Nasal cannulae, used as the patient interface in all three trials, are an attractive option for understaffed environments because they generally require lower levels of nursing supervision to use safely [39]. The basic circuits and simplified care protocols meant that the equipment required few adjustments, especially when compared with invasive mechanical ventilation.
There are elements of each of these studies that epitomize context-appropriate innovation and research.

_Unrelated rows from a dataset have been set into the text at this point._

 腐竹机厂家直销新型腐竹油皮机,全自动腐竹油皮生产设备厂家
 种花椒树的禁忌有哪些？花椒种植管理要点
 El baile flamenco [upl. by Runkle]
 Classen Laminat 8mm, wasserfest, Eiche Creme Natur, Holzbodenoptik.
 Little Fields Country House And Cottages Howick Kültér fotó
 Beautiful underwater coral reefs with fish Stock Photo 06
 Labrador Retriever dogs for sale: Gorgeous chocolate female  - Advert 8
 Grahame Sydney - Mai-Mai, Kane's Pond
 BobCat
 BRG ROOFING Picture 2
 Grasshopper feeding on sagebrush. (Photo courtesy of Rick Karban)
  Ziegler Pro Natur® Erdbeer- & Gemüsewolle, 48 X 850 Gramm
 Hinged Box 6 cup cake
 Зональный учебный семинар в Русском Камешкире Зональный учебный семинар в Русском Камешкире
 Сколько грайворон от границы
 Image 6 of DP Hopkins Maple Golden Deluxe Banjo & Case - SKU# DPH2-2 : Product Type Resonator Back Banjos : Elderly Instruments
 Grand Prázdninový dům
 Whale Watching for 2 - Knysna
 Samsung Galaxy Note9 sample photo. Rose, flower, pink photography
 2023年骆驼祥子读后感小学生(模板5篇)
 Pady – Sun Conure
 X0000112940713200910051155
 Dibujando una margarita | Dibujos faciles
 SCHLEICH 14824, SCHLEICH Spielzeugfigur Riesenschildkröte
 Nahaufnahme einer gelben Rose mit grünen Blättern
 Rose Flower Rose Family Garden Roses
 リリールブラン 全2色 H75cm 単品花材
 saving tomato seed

The bubble CPAP circuit deployed in the Bangladesh study was fashioned out of readily available, cheap equipment (standard nasal cannula, a shampoo bottle and intravenous fluid tubing) so the cost of the circuit was approximately $3 per patient [35▪]. They used an oxygen concentrator and no driver in the circuit with additional cost savings.” https://www.ncbi.nlm.nih.gov/pmc/articles/PMC6319564/
here’s a build diagram for a bubble cpap
https://www.edjones.org/articles/bubble-cpap-in-resource-poor-settings/?fbclid=IwAR05oxQ2tPg1LDD6o73cBWOGKukaYBq8APcFpNmB1y900nPovTwV0yFBWBQ
are studies indicating it’s helpful for adults (despite its primary use in infants)
https://intjem.biomedcentral.com/articles/10.1186/s12245-019-0224-0
This is super interesting—Some of the most interesting-sounding links seem broken, though [edit: fixed]
A “portable, easy-to-use ventilator” was highlighted in the Johns Hopkins Center for Health Security report on Technologies to Address Global Catastrophic Biological Risks (press release, full PDF). Their write-up of this technology is on page 61-63 of the report.
One of the sources they link describes the OneBreath ventilator. Might be a good place to start looking!